The story of Israel's first fire department
Growing up, we all wanted to be firefighters. It’s what we saw on television. We dressed up as firefighters for Purim or Halloween, played with red firetrucks and put out fires with an imaginary hose. We wanted to fight fires and rescue cats stranded in treetops. To be honest, it wasn’t the heroic aspect that was appealing so much as it was the simple fact that firefighters take a great photo. The Tel Aviv firefighters were well-aware of this and gladly went along with the tradition – to no one’s surprise, they were unbelievably photogenic.

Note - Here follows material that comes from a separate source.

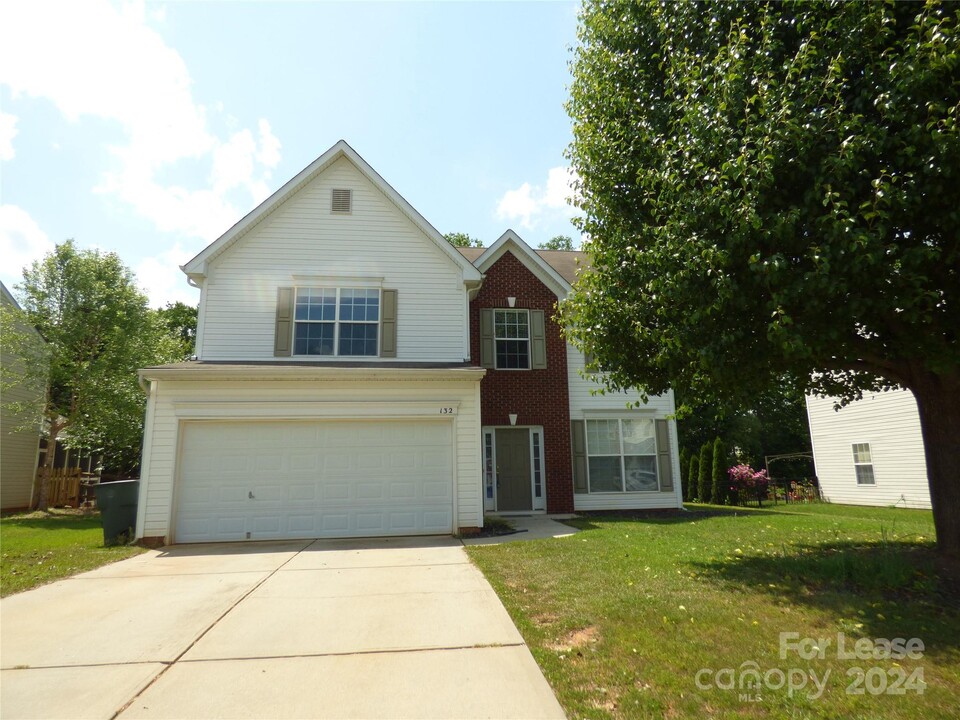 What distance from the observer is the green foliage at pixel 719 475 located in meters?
21.2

The city’s merchants were the first to recognize the need and also the first to act: Two large manual fire pumps, two small ones, 200 meters worth of hoses, 50 pails, axes and shovels were donated for the establishment of the first fire department in Israel – the Tel Aviv Fire Brigade.
In its early years, the brigade relied primarily on volunteers. They operated throughout the 1920s – the decade of the brigade’s establishment – improvising as they went along, with no guidance from the authorities. Once they were set up, the volunteers requested that the city council provide them with equipment and funding.
It wasn’t until 1929, when the number of fires in the city rose, that the city council began to allocate funds for the fire brigade. In 1935, a year after the volunteers struggled to extinguish a fire that broke out in the Petah Tikva “Ha’argaz” factory, a special committee was appointed to investigate the state of the city’s firefighting infrasctructure, concluding that a staff of volunteers would no longer suffice; instead, a large-scale fire department was to be built, fully equipped with high-end extinguishing equipment and paid firefighters.
In her book, Surrounded by Light and Sea (Hebrew), Anat Helman notes that “Some of the committee’s conclusions were gradually implemented, and a few years later fires were handled in most part by paid firefighters, while volunteers were left with a secondary role.”
The Tel Aviv fire department was not only busy extinguishing fires and rescuing cats. After the Tel Aviv Police Orchestra shut down, the fire Department Orchestra and the Maccabi Tel Aviv orchestra competed for the public’s affections. In the mid-1930s, the fire brigade won first place in the Tel Aviv orchestra competition.
The volunteer firefighters would also be tasked with providing security for public events. On more than one occasion, they used their fire hoses to disperse protests that had gotten out of hand, a practice that received some harsh criticism from sections of the public.